Grüne verlangen bundeseinheitliche Koordination des Zivilschutzes

von Hasepost Redaktion 16. März 2026

Die Grünen im Bundestag wollen den Bevölkerungsschutz in Deutschland neu ordnen und stärker koordinieren lassen. In einem Antrag, der an diesem Dienstag in der Fraktion beschlossen werden soll, fordern sie unter anderem, den Zivilschutz zur Gemeinschaftsaufgabe von Bund und Ländern zu machen und einen „Operationsplan Zivile Verteidigung“ zu erarbeiten. Der „Tagesspiegel“ (Dienstagausgabe) berichtet über die Pläne.

Grüne dringen auf neues Gesetz für den Zivilschutz

Die Bundestagsfraktion der Grünen will die Bundesregierung auffordern, den Bevölkerungsschutz in Deutschland besser zu koordinieren. Das geht aus einem Antrag hervor, den die Abgeordneten an diesem Dienstag beschließen sollen und über den der „Tagesspiegel“ (Dienstagausgabe) berichtet.
Darin plädieren die Grünen unter anderem dafür, mit einem neuen Gesetz den Zivilschutz zur Gemeinschaftsaufgabe von Bund und Ländern zu machen. Bisher sind dafür den Angaben zufolge allein die Länder zuständig. Die Bundesregierung solle außerdem definieren, wie viele Einsatzkräfte im Zivilschutz benötigt werden, und Technisches Hilfswerk, Feuerwehr und Hilfsorganisationen beim nötigen Aufwuchs unterstützen, heißt es weiter in dem Antrag.

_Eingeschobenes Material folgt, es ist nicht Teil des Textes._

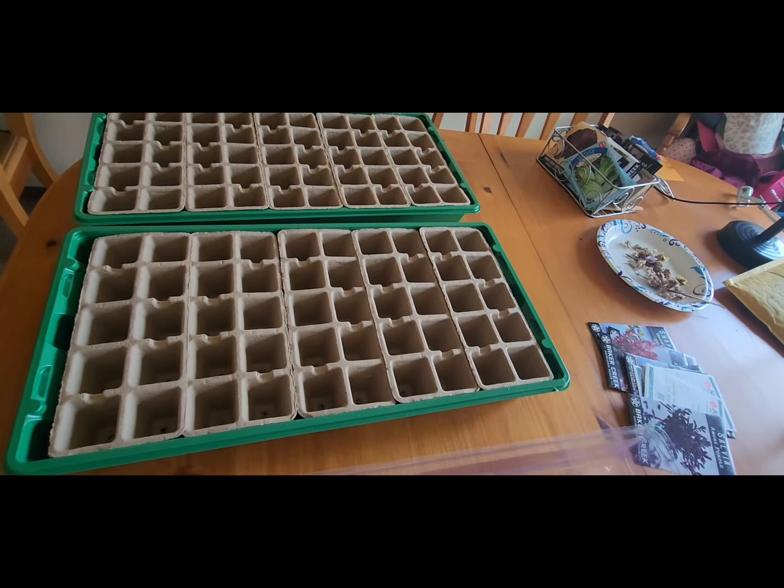Raise your hands everyone who started their winter sowing and those seedlings are already starting to poke through the soil and you're ahead of the game — yeah, not me either. But hey, that's gardening. Some seasons you're ahead of the game and some seasons you're not, and it's okay. There's things happening in the garden, lots in bloom, and I'm going to take you around and show you today.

Kritik an Innenminister Dobrindt

Der Grünen-Abgeordnete Leon Eckert, der den Antrag verfasst hat, sieht in der zivilen Verteidigung erheblichen Nachholbedarf. „Die Zeitenwende in der zivilen Verteidigung steht vier Jahre nach dem Beginn des russischen Angriffskriegs noch immer aus“, sagte er laut „Tagesspiegel“. Bis auf Ankündigungen habe Innenminister Alexander Dobrindt (CSU) im Bereich der zivilen Verteidigung bisher wenig Substantielles geliefert, kritisiert der Haushaltspolitiker, der für den Etat des Innenministeriums zuständig ist.
„Wir fordern endlich die überfälligen Entscheidungen von Minister Dobrindt, um unsere Gesellschaft als Ganzes gegen aktuelle Bedrohungen zu wappnen“, so Eckert weiter. Der Bund solle einen „Operationsplan Zivile Verteidigung“ erstellen sowie eine Koordinierungsstelle schaffen, um den Zivilschutz in Deutschland stärker zu steuern.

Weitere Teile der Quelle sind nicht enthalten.